Implementing the Streaming Function
Inside the file, you define a processing function as follows:
import { SourceDataModel } from "../datamodels/SourceDataModel";
import { DestinationDataModel } from "../datamodels/DestinationDataModel";
export default function functionName(
source: SourceDataModel,
): DestinationDataModel[] | DestinationDataModel | null {
// Transformation logic
}
The default export is critical because Moose uses it to identify the Streaming Function’s entry point. The function name can be anything you want.
from app.datamodels.SourceDataModel import SourceDataModel
from app.datamodels.DestinationDataModel import DestinationDataModel
from moose_lib import StreamingFunction
def functionName(source: SourceDataModel) -> DestinationDataModel | list[DestinationDataModel] | None:
# Transformation logic
my_streaming_function = StreamingFunction(run=functionName)
Assign your function to the run
parameter of the StreamingFunction
class to designate
it as the entry point. The function name can be anything you want.

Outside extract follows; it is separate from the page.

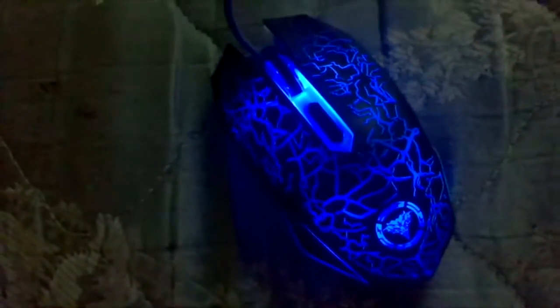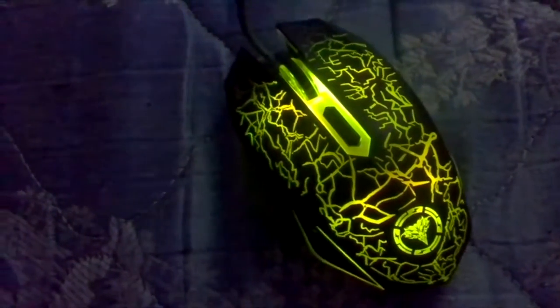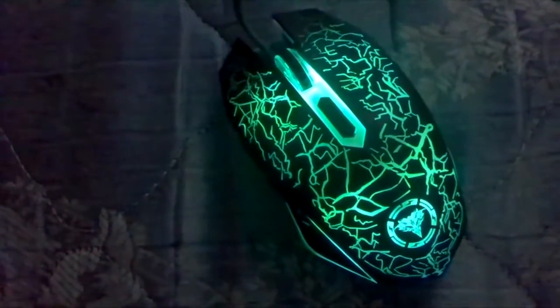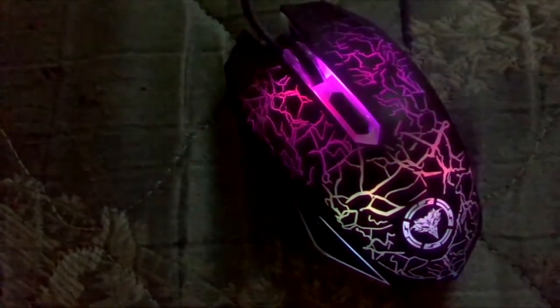If you're looking for something that you can use for gaming that's cheap, that looks good, and can go either really sensitive or not very sensitive, I definitely recommend this. It's a pretty good mouse.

Streaming Function Examples with Referenced Data Models
In your Streaming Function, you can apply any transformation logic you need—filtering, enriching, or reshaping the data. Below are some common scenarios.
Basic Data Manipulation
Transform or combine the source data into a different structure before returning it to the destination:
import { SourceDataModel } from "../datamodels/SourceDataModel";
import { ManipulatedDestinationDataModel } from "../datamodels/ManipulatedDestinationDataModel";
export default function manipulateData(source: SourceDataModel): ManipulatedDestinationDataModel {
// Manipulate multiple fields from the source data into the destination format.
return {
id: source.id,
summedNumber: source.numberField1 + source.numberField2,
uppercasedString: source.stringField.toUpperCase(),
utcMonth: source.dateField.getUTCMonth(),
utcYear: source.dateField.getUTCFullYear(),
utcDay: source.dateField.getUTCDate()
};
}
from moose_lib import StreamingFunction
from app.datamodels.SourceDataModel import SourceDataModel
from app.datamodels.ManipulatedDestinationDataModel import ManipulatedDestinationDataModel
def manipulate_data(source: SourceDataModel) -> ManipulatedDestinationDataModel:
# Manipulate multiple fields from the source data into the destination format.
return ManipulatedDestinationDataModel(
id=source.id,
summed_integer=source.integer_field1 + source.integer_field2,
uppercased_string=source.string_field.upper(),
utc_month=source.datetime_field.month,
utc_year=source.datetime_field.year,
utc_day=source.datetime_field.day,
)
streaming_function = StreamingFunction(
run=manipulate_data
)
Data Validation and Filtering
Return null
to discard invalid or unwanted data:
import { SourceDataModel } from "../datamodels/SourceDataModel";
import { ValidatedDestinationDataModel } from "../datamodels/ValidatedDestinationDataModel";
export default function validateData(source: SourceDataModel): ValidatedDestinationDataModel | null {
// Validate the source data before processing.
if (!source.requiredField) {
// Discard the data if validation fails.
return null;
}
return {
id: source.id,
validField: source.requiredField,
timestamp: source.timestamp,
};
}
Return None
to discard invalid or unwanted data:
from moose_lib import StreamingFunction
from app.datamodels.SourceDataModel import SourceDataModel
from app.datamodels.ValidatedDestinationDataModel import ValidatedDestinationDataModel
def validate_data(source: SourceDataModel) -> ValidatedDestinationDataModel | None:
# Validate the source data before processing.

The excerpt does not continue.